L’art numérique et les NFT veulent décrocher la lune à Art Basel
L’art numérique et les NFT font une percée à Art Basel, la grande foire de l’art contemporain, les stars du marché de l’art comme l’Américain Jeff Koons se lançant à leur tour sur ce segment en pleine ébullition.
La galerie Pace y a dévoilé la première pièce d’une série de sculptures que l’artiste connu pour son chien ballon et ses tulipes compte envoyer sur la lune avec SpaceX, l’entreprise d’exploration spatiale d’Elon Musk. Jeff Koons, un des artistes vivants les plus chers au monde, prévoit d’installer sur la lune 125 versions miniatures de ces sculptures appelées “Moon Phases” avec une photographie de leur emplacement, vendue sous forme de NFT (Non-fungible token, ou jeton non-fongible). Les acheteurs recevront aussi une sculpture en taille réelle, sertie d’une pierre précieuse pour marquer son emplacement sur la lune. “Nous la découvrons nous aussi pour la première fois”, s’enthousiasme Marc Glimcher, le directeur de la galerie, en présentant cette statue en forme de lune de 39,4 cm, fraîchement arrivée sur son stand à Bâle.
Pace fait partie des rares grandes galeries à s’être aventurées sur le terrain des NFT. Selon Clare McAndrew, auteure d’un rapport sur le marché de l’art pour Art Basel, seules 6% des galeries ont vendu des NFT en 2021. Hautement spéculatifs, leurs prix se sont enflammés depuis la vente l’an passé chez la maison d’enchères Christie’s d’un NFT de l’artiste américain Beeple pour 69,3 millions de dollars (66,3 millions d’euros à taux actuels).
Mais depuis leur pic en août 2021, les NFT ont plongé. Alors que les volumes de ventes de NFT liés à l’art avaient grimpé à 945 millions de dollars en août, ils sont retombés à 366 millions en janvier, puis à 101 millions en mai, selon les relevés de Clare McAndrew. Ces hauts et bas ne font pourtant pas reculer le patron de la galerie Pace, convaincu que les NFT sont le signe d’un marché naissant pour l’art numérique. Il compare leurs excès à la bulle Internet du début des années 2000.
“Bien sûr, c’était une bulle. Mais nous avons toujours l’Internet aujourd’hui”, a argumenté Marc Glimcher lors d’un entretien, qui y voit une “nouvelle méthodologie pour distribuer l’art numérique”.

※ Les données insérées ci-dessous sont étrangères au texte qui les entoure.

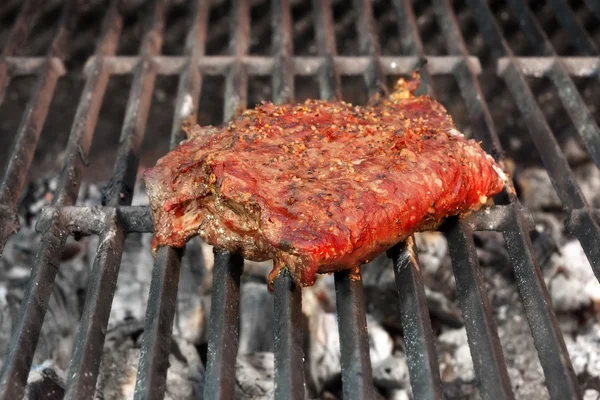 Gegrilltes Beefsteak — Stockfoto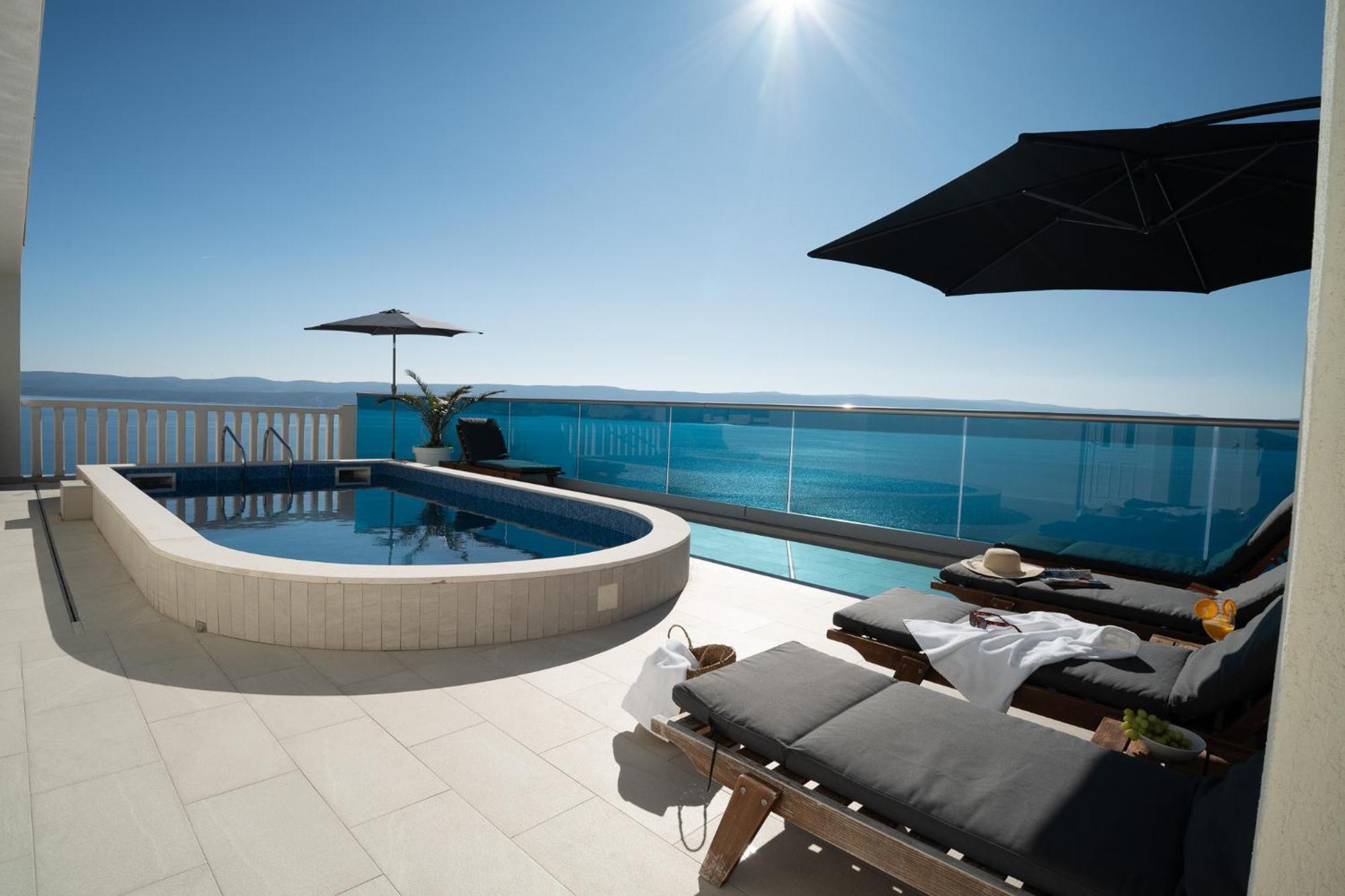 Sunny Hill Apartments With Rooftop Pool Čelina Exterior photo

Araignée de Louise Bourgeois à 40 millions
Pour cette édition, les organisateurs de la foire se sont alliés à la plateforme de blockchain (chaîne de blocs) Tezos qui présente des oeuvres numériques d’artistes dont de nouvelles versions sont générées par apprentissage automatique des machines sous forme de NFT. Les visiteurs peuvent venir en télécharger un gratuitement sur son stand même si certains les remettaient déjà en vente à peine sortis de la foire. A ses côtés, la plateforme ViveArts propose pour sa part une plongée dans l’art numérique à l’aide de lunette de réalité augmentée, présentant notamment un avatar de l’artiste allemand Albert Oehlen dans un univers en 3D.
Dans les allées de la foire, la galerie française Edouard Montassut mettait en vente une création numérique de l’artiste turc Özgür Kar représentant un homme entourés de trois squelettes qui rappelle les bas-reliefs des églises, mais sur écran à cristaux liquides. “Je pense que les NFT vont avoir une place dans le marché à l’avenir”, a déclaré Marc Spiegler, le directeur d’Art Basel, même si leurs prix se sont “effondrés récemment” à l’heure où les artistes multiplient les expérimentations avec les outils numériques.
Dans l’immédiat, les oeuvres en dur que les riches collectionneurs peuvent installer dans leur salon ont renoué avec les gros chiffres: une araignée de la sculptrice franco-américaine Louise Bourgeois s’est arrachée à 40 millions de dollars, une oeuvre de l’artiste conceptuel Félix Gonzalez-Torres est partie à 12,5 millions, une huile sur toile de l’allemand Georg Baselitz s’est vendue à 5,5 millions.
“L’ambiance – malgré évidemment le contexte global compliqué avec la guerre en Ukraine et la situation générale de l’économie – est excellente”, s’est félicité le patron de la foire. La foire, qui se tient du 16 au 19 juin, rassemble une foule d’oeuvres bien réelles, allant d’une gigantesque statue en bronze du britannique Thomas J. Price à une installation de l’artiste franco-chinois Huang Yong Ping représentant une cuisine parsemée d’immenses cafards ou une série de portraits sculptés dans le bois du franco-camerounais Barthélémy Toguo.